Vice-President (Sales and Services Southeast Europe, Africa and Middle East), Lufthansa German Airlines, one of Europe’s mega carriers, Tamur Goudarzi-Pour, has explained why foreign airlines are not disposed to partnering with their Nigerian counterparts. The Lufthansa boss, who spoke with New Telegraph at the weekend in Lagos, said for such partnerships to come to fruition, Nigerian carriers must improve their standards in terms of integrity, safety and reliability of their products, among others. He said: “For Lufthansa to partner with Nigerian airlines, there are things that must be put in place.
They need to up their standards to be reliable with their schedules, raise the bar with safety and it is also very good for them to be very reliable with their products.” These problems have affected seriously the inability of any of Nigerian carriers to compete with their foreign counter parts.Only two airlines are International Air Transport Association (IATA) Operational Safety Audit (IOSA) certified. IOSA is an integral process and procedure mechanism through which IATA evaluates airlines’ integral safety processes.
IATA also says it is an internationally accepted evaluation process designed by IATA and ICAO by extension, in assessing operational management and control systems of airlines. It has also allowed foreign airlines to account for 92 per cent of the international passenger traffic into and out of the country while Nigerian airlines account for the remaining eight per cent, according to statistics released by the Nigerian Civil Aviation Authority (NCAA) early this year. Previous reports had shown that over 20 foreign airlines repatriated above N400 billion made from ticket sales to their various countries every year.
Another study prepared by the United States-based Sabre Travel Network whose West African office is in Nigeria, shows that 26 foreign airlines offer 2,316,288 aircraft seats to the Nigerian international travel market every year, while their Nigerian counterparts offer only 202,228 seats.
The report puts the international travel market aircraft capacity at 2,518,516 annual seats. The study, made available to New Telegraph, indicates that lack of adequate number of dominant national carriers on the part of Nigeria is responsible for the international airlines’ passenger traffic trend. According to the Sabre report, the Nigerian aviation sector contributes only 0.4 per cent to the nation’s Gross Domestic Product (GDP), while in Spain, United Kingdom, United Arab Emirates, Canada and Germany, the contribution to the GDP is 5.2 per cent, 5.0 per cent, 3.5 per cent, 2.8 per cent and 2.6 per cent, respectively.

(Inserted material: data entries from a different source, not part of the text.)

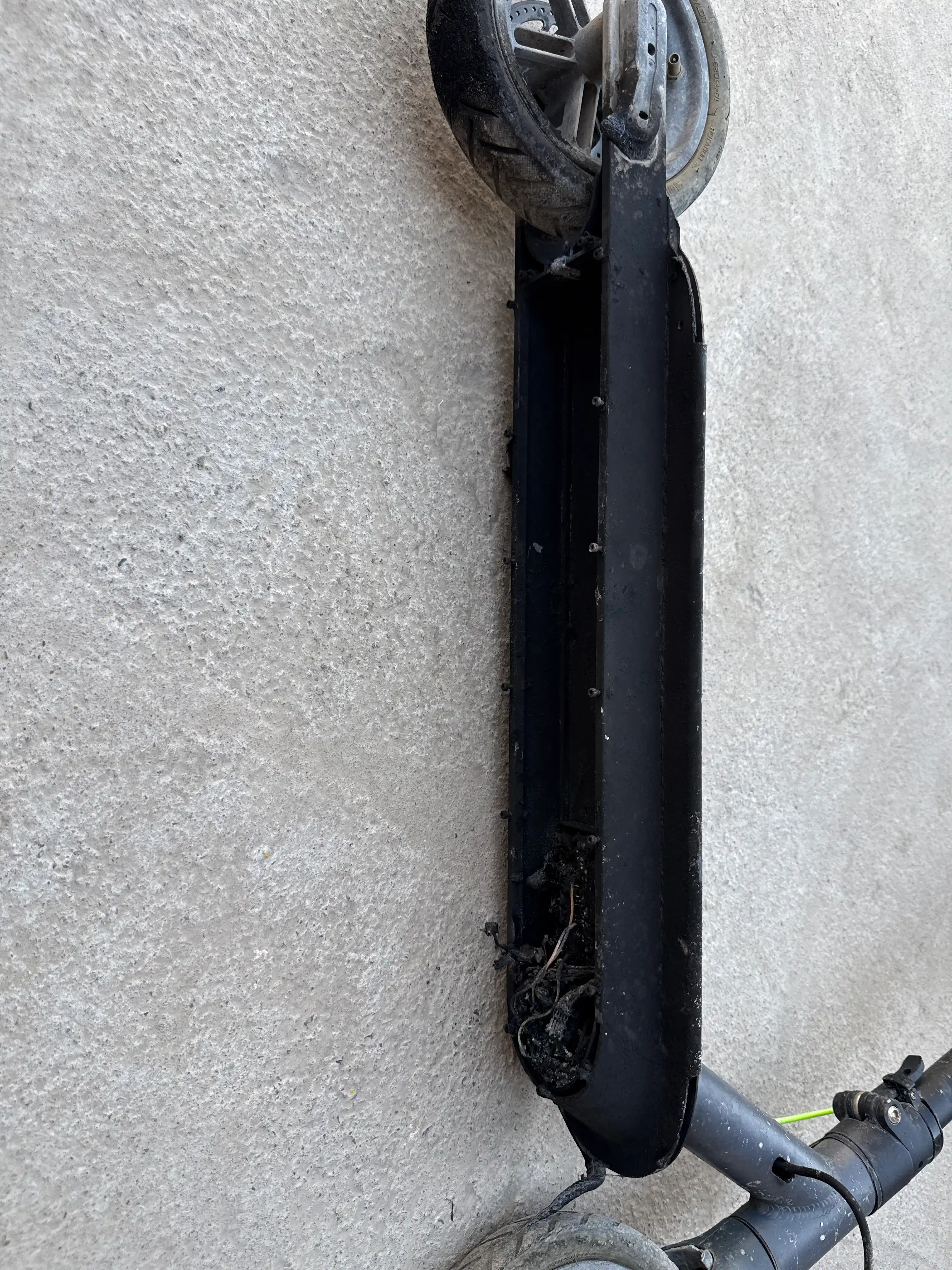 Samokat scooter zaryadlovchi qurilmasi, barcha samokatlarga mos tushadi KECHITE
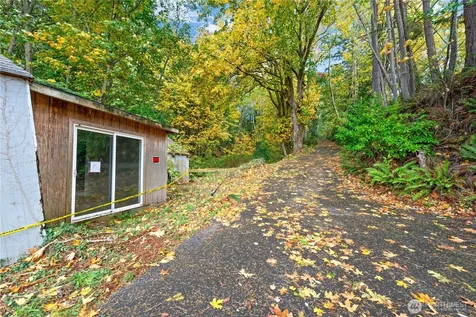 13843 SW 248th Street Vashon WA 98070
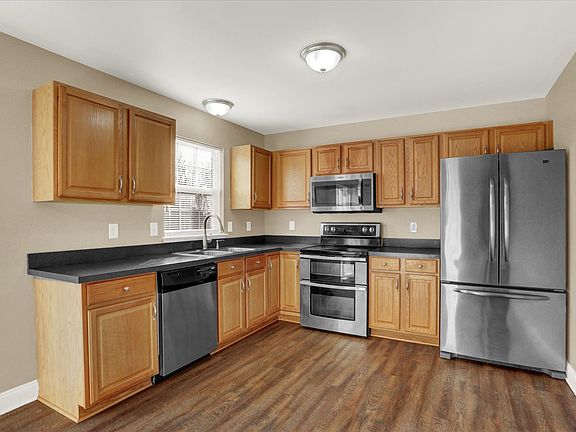 3rd image of 315 Buckley Dr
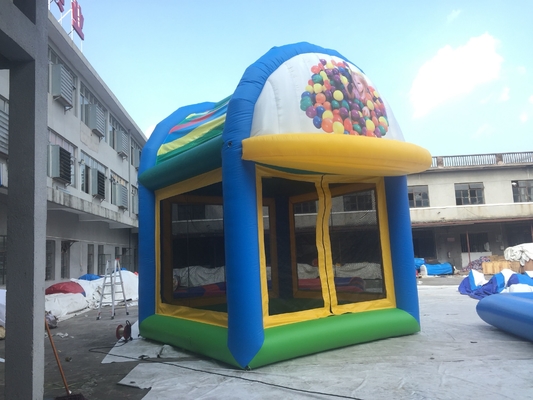 As meninas impermeáveis da forma do chapéu saltam o leão-de-chácara da casa 6*5*5m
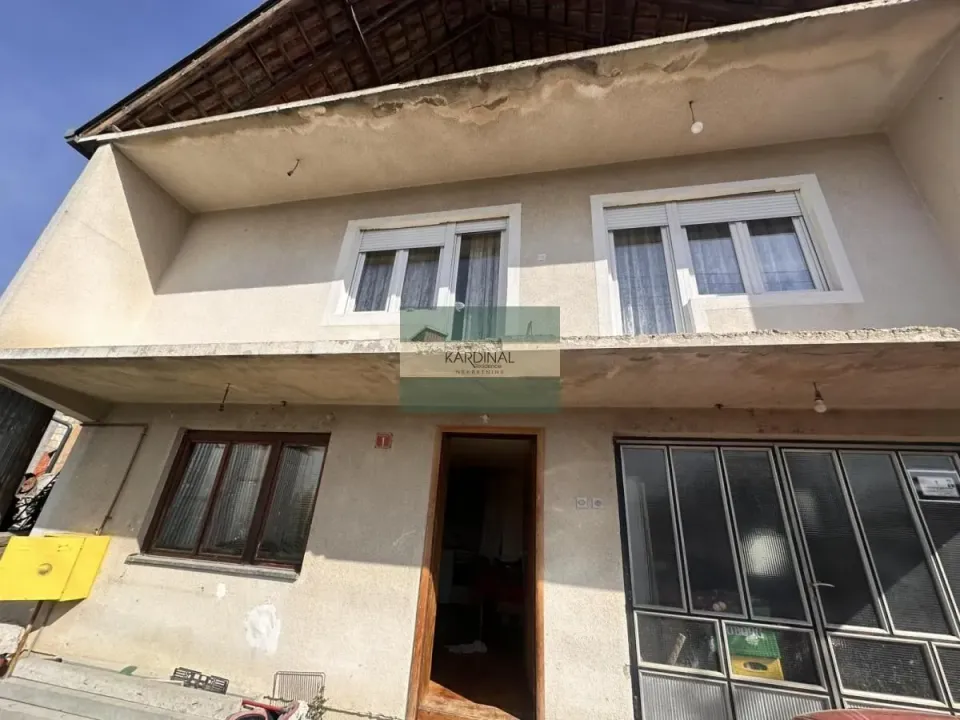 Prodaja, kuća, 182m², Grošnica, Kragujevac
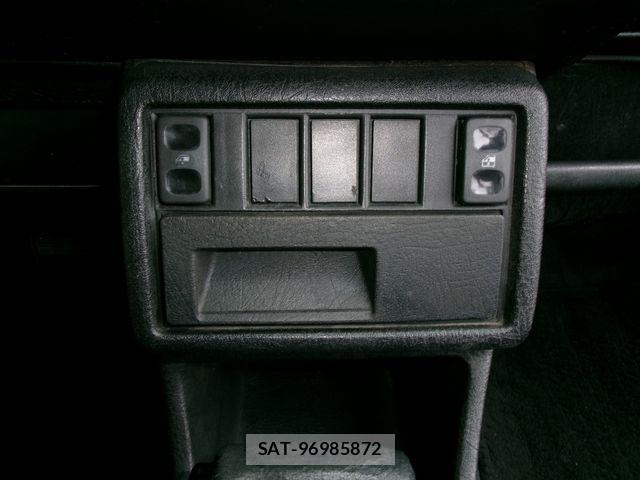 VolksWagen GOLF 1990-12 8318056-14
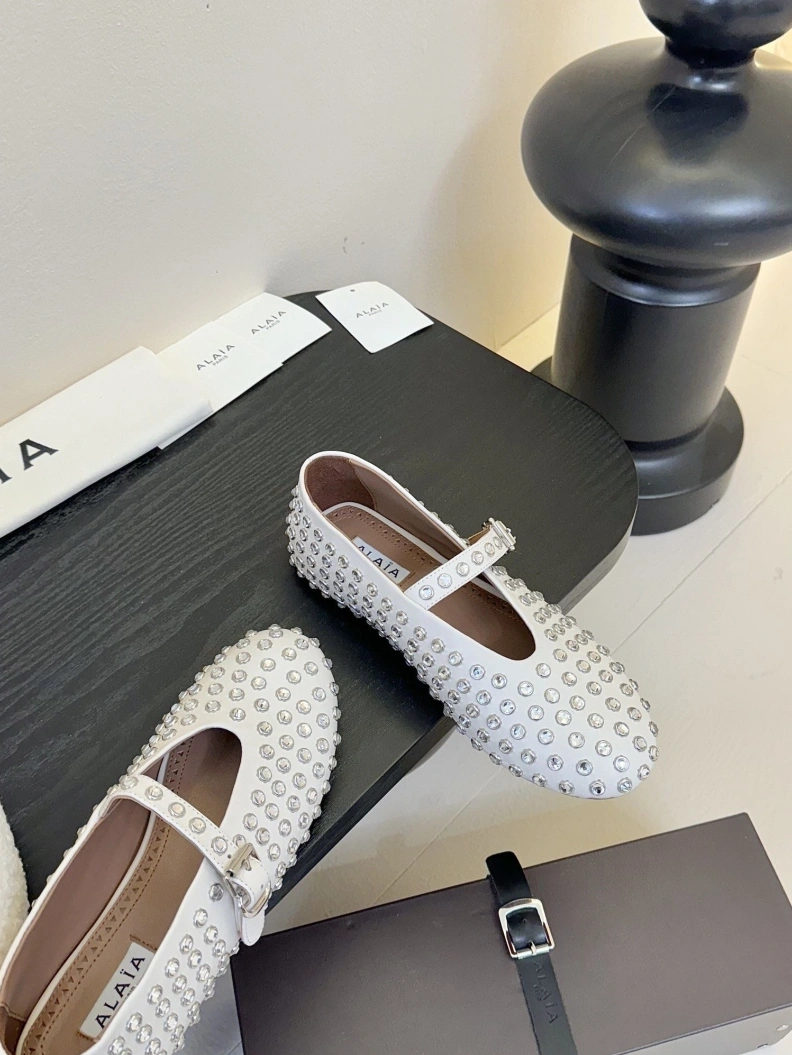 Fashionable Othxr flat shoes 212506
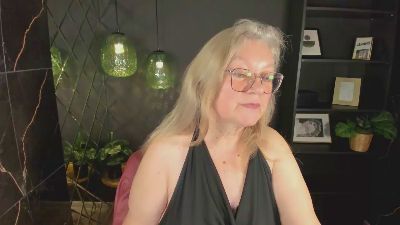 Natali_Cloud live cam on Cam4
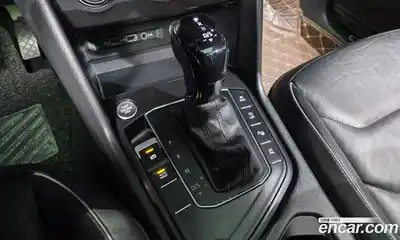 Volkswagen Tiguan 2018 2.0 гидро в Москве № 750035, миниатюра 9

The study notes that aviation is a major employer of labour and has the capacity to reduce the country’s unemployment rate if the government comes up with the right policies. Meanwhile, Managing Director, West Africa, Lufthansa German Airlines, Clau Becker said the carrier has designated Lagos as the centre and regional headquarters of its sub-saharan sales, station and administration organisation leading marketing and sales for the company across the continent, including East Africa and Southern Africa countries.